Work to be completed :: I'd like the line containing "Disruptor of Patterns" and each line that follows, through the last line of the material, set down exactly as they are, and no others.

Excerpted data ::
[Start of section]

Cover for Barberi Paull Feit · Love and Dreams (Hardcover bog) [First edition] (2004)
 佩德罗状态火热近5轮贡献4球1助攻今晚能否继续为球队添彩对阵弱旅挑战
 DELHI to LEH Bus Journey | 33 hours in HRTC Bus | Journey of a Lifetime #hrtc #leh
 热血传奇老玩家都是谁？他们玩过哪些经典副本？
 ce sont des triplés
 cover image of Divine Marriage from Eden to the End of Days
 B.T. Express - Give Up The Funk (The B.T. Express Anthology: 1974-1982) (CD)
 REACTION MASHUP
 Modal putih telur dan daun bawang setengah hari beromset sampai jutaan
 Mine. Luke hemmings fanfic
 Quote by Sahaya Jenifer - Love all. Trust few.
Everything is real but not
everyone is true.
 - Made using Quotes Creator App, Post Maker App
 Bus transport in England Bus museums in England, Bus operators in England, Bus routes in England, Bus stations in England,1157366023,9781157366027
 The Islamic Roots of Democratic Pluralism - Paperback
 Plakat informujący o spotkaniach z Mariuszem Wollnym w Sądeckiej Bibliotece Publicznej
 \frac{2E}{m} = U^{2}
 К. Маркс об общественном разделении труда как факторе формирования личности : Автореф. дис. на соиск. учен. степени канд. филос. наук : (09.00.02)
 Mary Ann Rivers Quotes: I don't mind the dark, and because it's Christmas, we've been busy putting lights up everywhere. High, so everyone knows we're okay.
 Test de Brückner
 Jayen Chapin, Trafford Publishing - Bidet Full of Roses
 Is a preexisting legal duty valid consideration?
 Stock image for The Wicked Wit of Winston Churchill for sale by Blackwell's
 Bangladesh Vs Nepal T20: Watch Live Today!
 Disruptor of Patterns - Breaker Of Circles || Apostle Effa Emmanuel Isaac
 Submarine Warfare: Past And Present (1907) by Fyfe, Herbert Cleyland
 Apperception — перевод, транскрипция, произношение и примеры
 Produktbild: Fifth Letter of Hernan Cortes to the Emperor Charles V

[End of section]

Response to this task ::
 Disruptor of Patterns - Breaker Of Circles || Apostle Effa Emmanuel Isaac
 Submarine Warfare: Past And Present (1907) by Fyfe, Herbert Cleyland
 Apperception — перевод, транскрипция, произношение и примеры
 Produktbild: Fifth Letter of Hernan Cortes to the Emperor Charles V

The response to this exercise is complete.